Based out of a Christian commune near Orwell, Ohio, members included co-founders Joe Markko and Larry Hill, Mike Berkey, Ed Durkos, Tom Eritano, Tim Hill, Morgan King, Norris McClure, Carole King, Randy Markko, Kim Massman, Pam Massman, Tom Miller, and rock guitarist Glenn Schwartz. Schwartz was lead-guitarist for the rock group, the James Gang (later replaced by Joe Walsh) and Pacific Gas & Electric who recorded a top 20 song in 1969, Are You Ready? Temporary replacements for Glenn Schwartz and Tom Eritano were guitarist Phil Keaggy of Glass Harp and drummer, Val Fuentes from the California band, It's a Beautiful Day.
Prior to recording their first album, three band members—Brett Hill [Larry's son], Joe's brother Randy and Tom Miller—all lost their lives in automobile accidents while traveling to concerts. Singing backup and playing piano, Tom "Aquinas" Miller was one of the "Kent-25" and had been featured in Life magazine as part of the protests on the Kent State campus at the time of the Kent State shootings. Though the music on their first album, My Poor Generation, was written between 1968 and 1972, it was not released until 1973 and was dedicated to the memories of Randy Markko and Tom Miller. "The totally essential Jesus rock album featuring some baroque chamber folk with harpsichord, strings, piano and woodwinds, some otherworldly smoky dream psych and some stripped-down electric boogie blues. This was an odd congregation that collectively created an atmosphere representing the best in what was once Jesus rock."

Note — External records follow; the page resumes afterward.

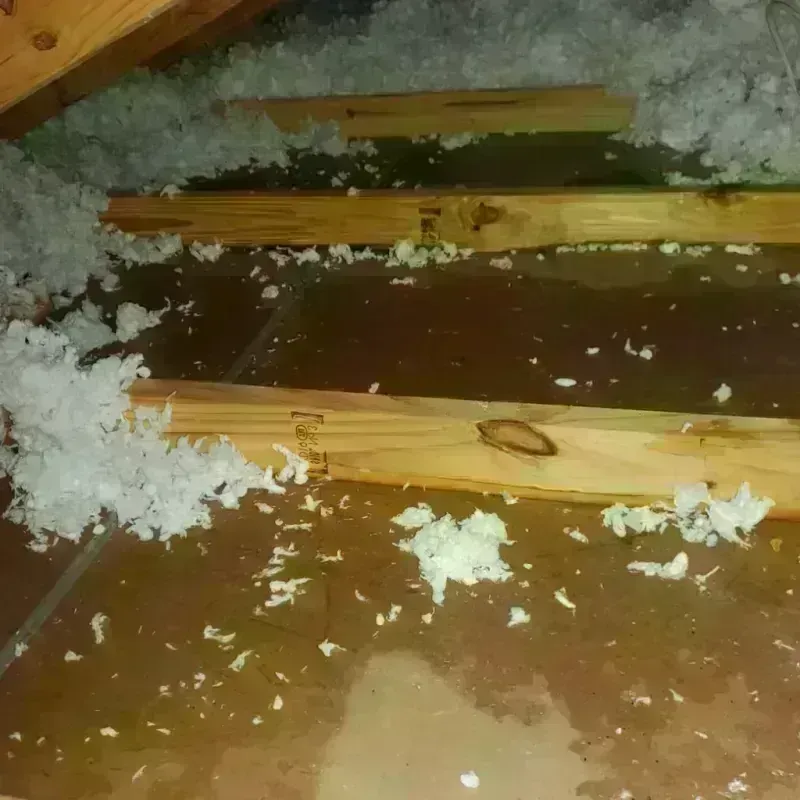 Attic Water Damage in Fayetteville, NC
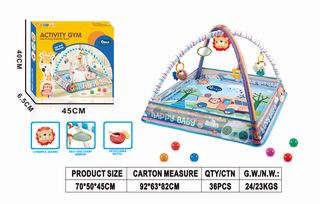 ACTIVITY GYM,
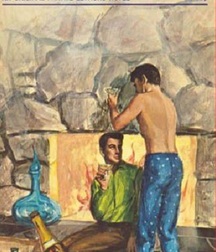 gay paperbacks 5ed63b9ae1792.jpg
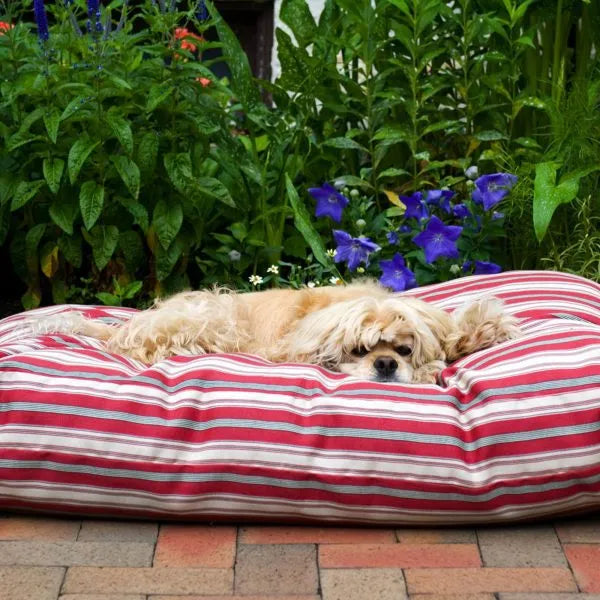 Carolina Pet - Solid Indoor/Outdoor Rectangle Dog Bed Striped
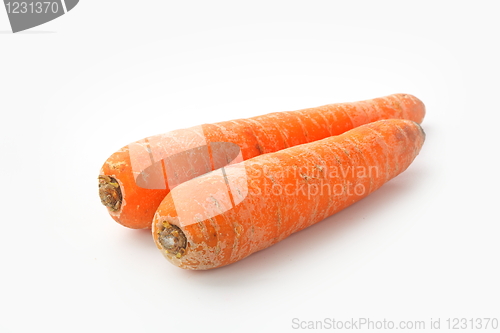 Image of The red carrot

Their second album, For Christians, Elves and Lovers (1976) combined evangelical theology and millennialism with admiration for the fantasy world of The Lord of the Rings author J.R.R. Tolkien. A copy of this album remains part of the Tolkien Collection at Marquette University. "And what is the result of this musical fusion? An absolutely incredible album which might well become a classic in the annals of Jesus music. The credit for this record's brilliance belongs to the artists themselves. Because of their talent and versatility, the 14 cuts never suffer from being repetitious or boring. One need only look at the diversity in style from one selection to the next in order to appreciate the creative abilities of these musicians. This is the 3rd album for ASFB and belongs on the shelf of every Jesus music fan."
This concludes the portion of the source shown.